- [TASK DETAILS]:
Omit the images. Copy each entry word for word.

Recorded data
╭──

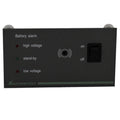 Mastervolt Boat Modular Switchboard Panel 07-04-03010 - C-3-BA 12/24V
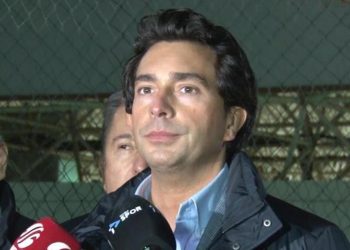 Burak Kızılhan: “Taraftarlarımızın, camiamızın haklarını helal etmiyoruz”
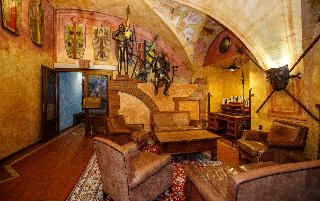 Pytloun Old Armoury Hotel Prague fotoÄŸrafÄ±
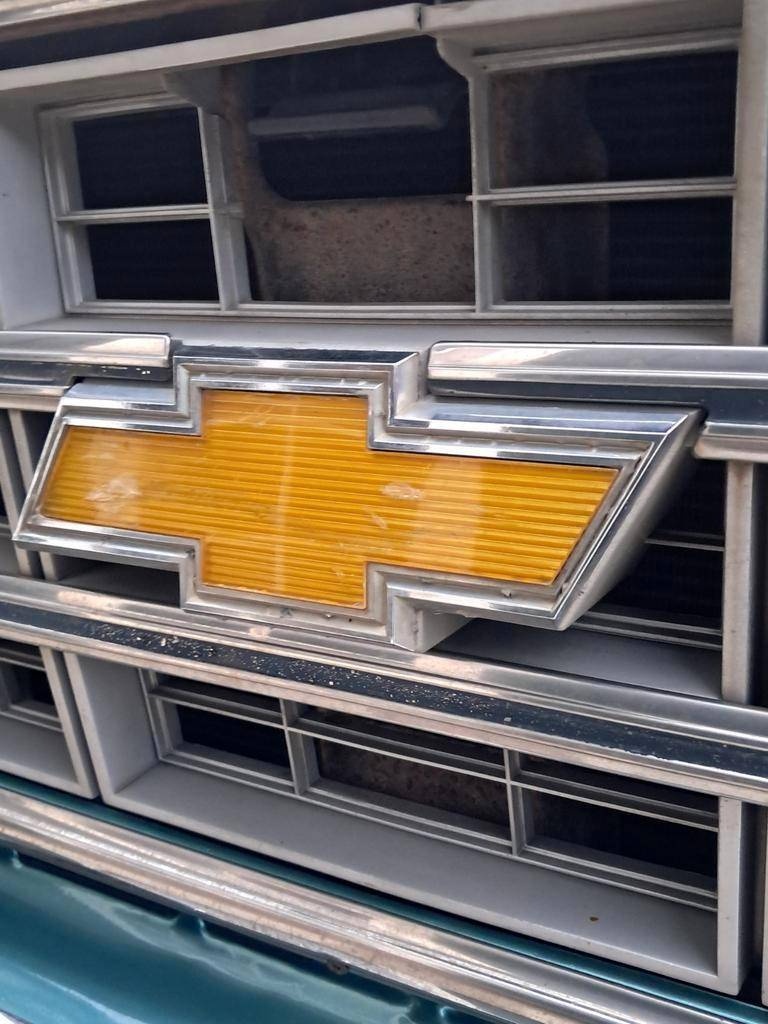 Chevrolet Blazer z roku 1977 - 12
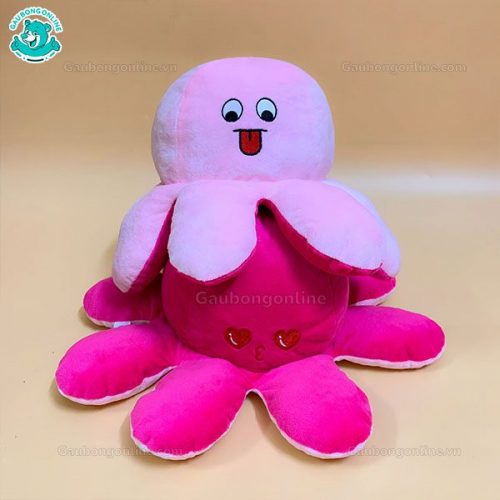 Bạch Tuộc Thả Thính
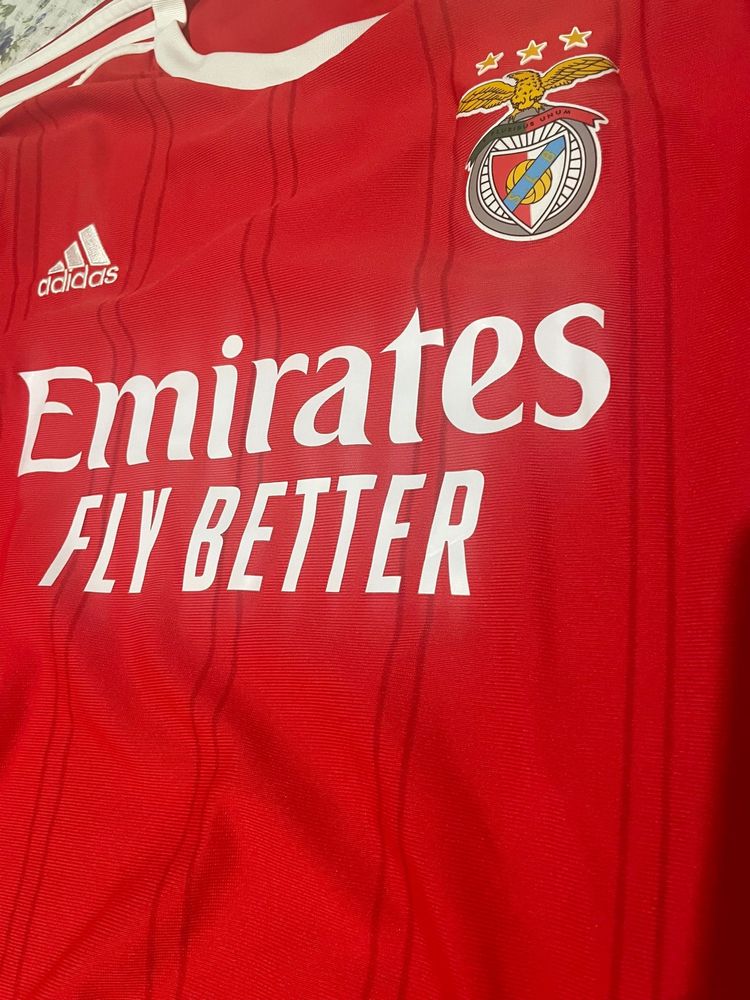 T-shirt Benfica Oficial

╰──

- [SOLUTION TO THIS TASK]:
 Mastervolt Boat Modular Switchboard Panel 07-04-03010 - C-3-BA 12/24V
 Burak Kızılhan: “Taraftarlarımızın, camiamızın haklarını helal etmiyoruz”
 Pytloun Old Armoury Hotel Prague fotoÄŸrafÄ±
 Chevrolet Blazer z roku 1977 - 12
 Bạch Tuộc Thả Thính
 T-shirt Benfica Oficial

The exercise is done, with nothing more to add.